Rabbi Simeon ben Levi said:

“The evil inclination of a person waxes stronger day by day.

It seeks to kill him.   If God did not help, a person could not overcome it.”

(B. Kiddushin 30 b).

Implicit in this text is the notion that a person must enlist God’s help to repress the inclination to do evil. God will not do it for us unless we consciously make the effort.

In other words, only through diligent effort and appeal to God for help, can humans overcome the inclination to do wrong. When we persist in evil, when we ignore God’s will, evil takes on strength greater than us. Those uncomfortable with such direct references to the Almighty, but who still seek guidance from traditional texts, might choose to substitute, “appeal to the voice of our conscience” for “enlist God’s help.”

In Pirke Avoth (3:19) we find one of Jewish thought’s most enigmatic teachings: “All is foreseen.
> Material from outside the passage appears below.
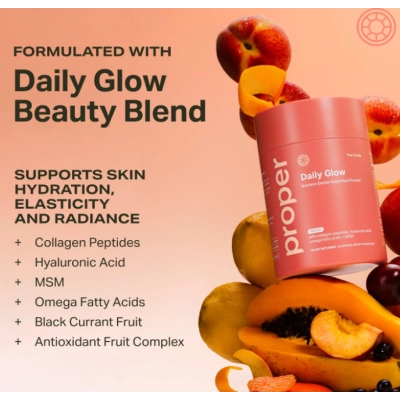 The Corals Daily Glow Beauty Blend, com Peptídeos de Colágeno, ácido hialurônico e MSM, 168g, Proper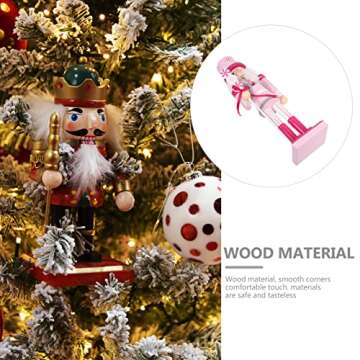 Christmas Nutcracker Soldier Pink Christmas Wooden Nutcracker Ornament Nutcracker Figures Christmas Decorations for Festival Indoor Decor Xmas ( 35CM/ 14In )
Yet free will is given.” As the rabbis understood God, the Almighty knows exactly what will happen. At the same time, the rabbis uphold the ability of human beings to make moral choices of their own volition. So, for the Rabbis, the fact that God announces that the Almighty would harden Pharaoh’s heart (first in Exodus 4:21 and again in 7:3) does not mean that God is responsible for Pharaoh’s evil. The point is that Pharaoh was in no way receptive to God’s guidance.

God, then, did not actually harden Pharaoh’s heart. God allowed Pharaoh to continue on his chosen course. God allows all of us to do the same. Although most of us, at times, have wished that God would step in and change people, but such action would rob us of the free will that gives life meaning.